'Don't do it': Northampton's shoppers and residents have their say on plan to hike parking charges
Last week businesses were in uproar at the plans to increase parking charges in Northampton without what many people felt was a proper consultation.
But here in Northampton we don’t like to go down without a fight.
After it emerged the public would not be formally asked to comment on the rises, we thought we would launch a snap consultation of our own and called on you to write in with your views.
And it’s fair to say our postbag has been overflowing this week – with so many of you calling on the borough council to think again. The new charges – set to come into force on April 15 – will see evening charges rise from £1 to £3 across all borough council-owned car parks.
At surface car parks such as Upper Mounts, the 60p for an hour tariff and £1.20 for two hours will be replaced with a new minimum charge of £2.
Anyone staying at surface car parks for between three and four hours will have to pay £4 – as opposed to £2.40 for three hours or £3.20 for four hours. Our readers believe this will greatly put people off coming into the town – particularly the 300 per cent increase to the evening charges.
So many of you wrote in, we couldn’t contain all the comments on the following two pages here – so head to our letters section on pages 44 and 45 for more views.
All of your letters – and more than 100 Facebook comments – have been sent to the borough council for consideration.
Shopkeepers, pub owners and cafe bosses in Northampton are also taking a stand against the increases.
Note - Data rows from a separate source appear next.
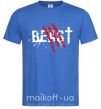 Чоловіча футболка Beast Яскраво-синій фото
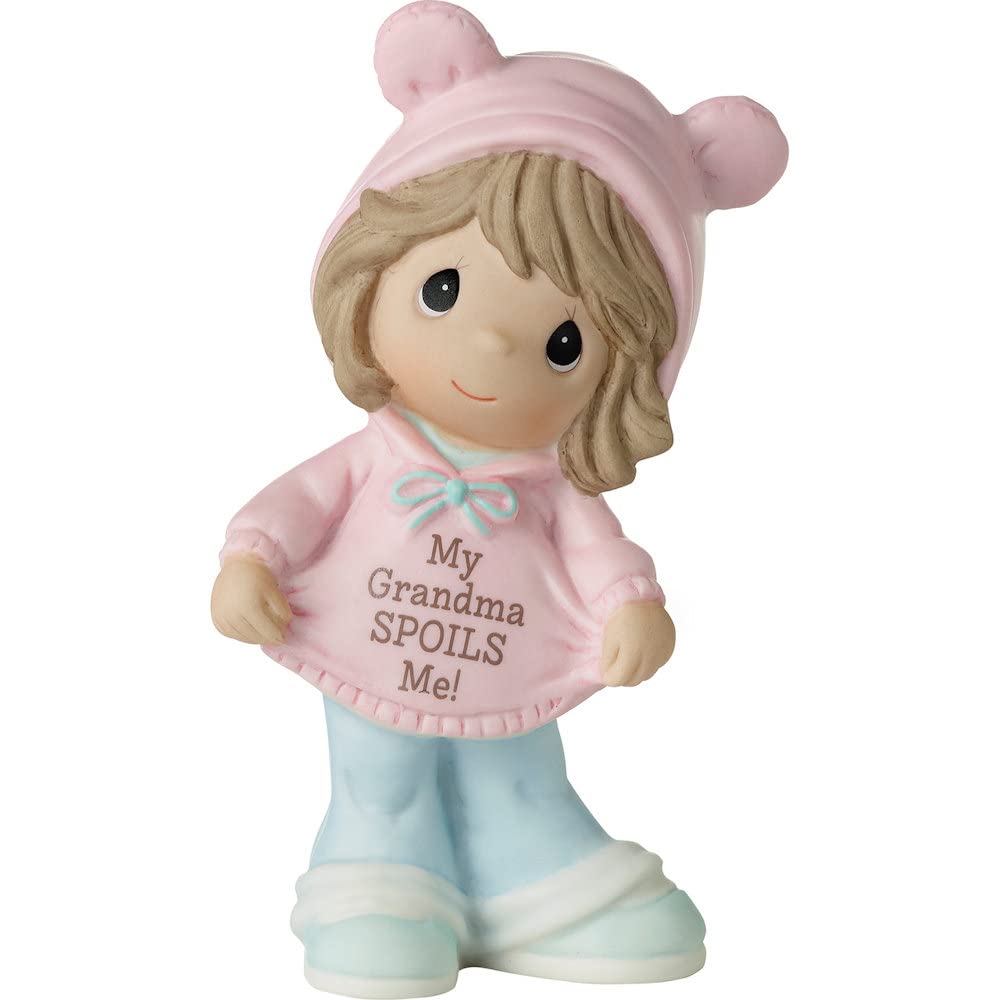 Figurine Bisque en Porcelaine Precious Moments sur Étagère de Salon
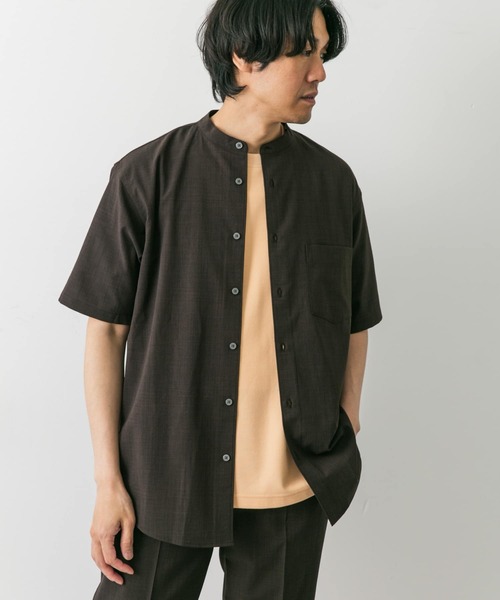 URBAN RESEARCH DOORS(アーバンリサーチドアーズ)の「『一部WEB限定』『UR TECH DRYLUXE』バンドカラーシャツ(シャツ/ブラウス・メンズ・ベージュ系その他/イエロー系その他/ブラック/グレー/ブラウン・SMALL/X-LARGE/LARGE/MEDIUM)」の10枚目の写真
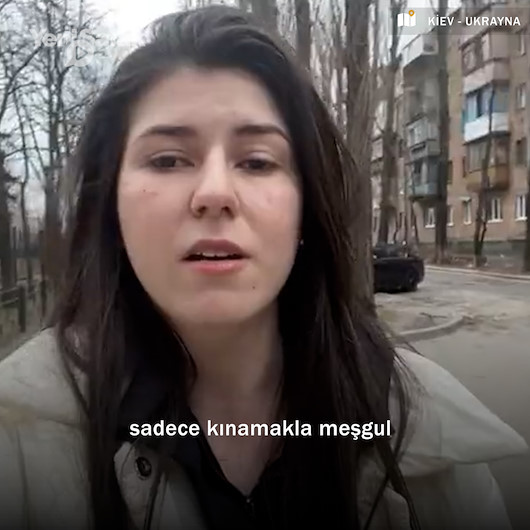 Ukraynalı Gazeteci Khalilova: Belki bu son videom susanlar kendi başkenti işgal edilince anlayacaklar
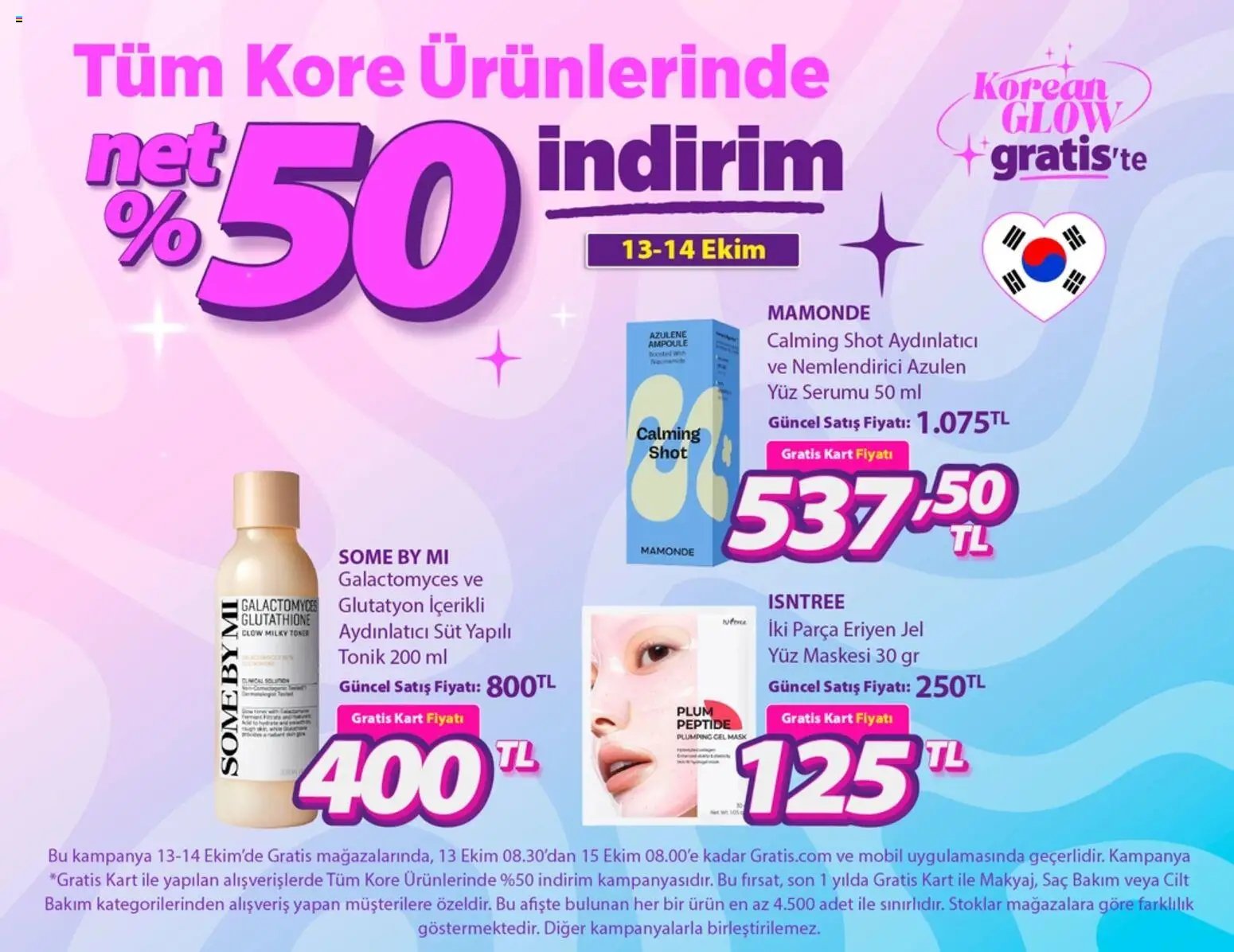Gratis - Kore Ürünlerinde İndirim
Traders who are part of the Business Improvement District (BID) formed a working group with the borough council last week to discuss alternative proposals to the parking rises.
Meetings have been ‘constructive’ so far, a source said. What should be noted, however, is the borough has budgeted to make £625,000 through the increases – money which would need to be found elsewhere if the new tariffs were scrapped completely.
With that in mind, the council is highly unlikely to cancel the tariff rises altogether at this stage. Chairman of the BID Rob Purdie said an alternative set of proposals has been submitted to the council – though he could not yet say what those were.
“We are working towards something we feel is a more acceptable solution,” said Mr Purdie. “There will have to be some increases but it is a matter of where those fall.”
Mr Purdie said his members were particularly concerned about the threefold increase to the evening charge and said there was a general feeling Sundays should be free to park. The BID is calling for the imposition of the new tariffs to be delayed while negotiations are ongoing.
However, questions still remain over the consultation process. The authority’s draft budget in December asked people for their views on generally raising parking income by £625,000 to plug a budget gap – but there was no detail as to how. Only 21 people left comments.
The Liberal Democrat councillors on the authority have been challenging the Conservative-run council since December on what they say is a lack of transparency.
The group says councillors only found out details of the increases at the cabinet meeting on February 20. Minutes of that meeting suggested a further consultation would take place.
But the notices put up in car parks and the meeting with has been, many feel, insufficient. Councillor Sally Beardsworth (Lib Dem, Kingsthorpe) said: “The Liberal Democrats on the council will not let this rest until we are convinced everything has been done properly.”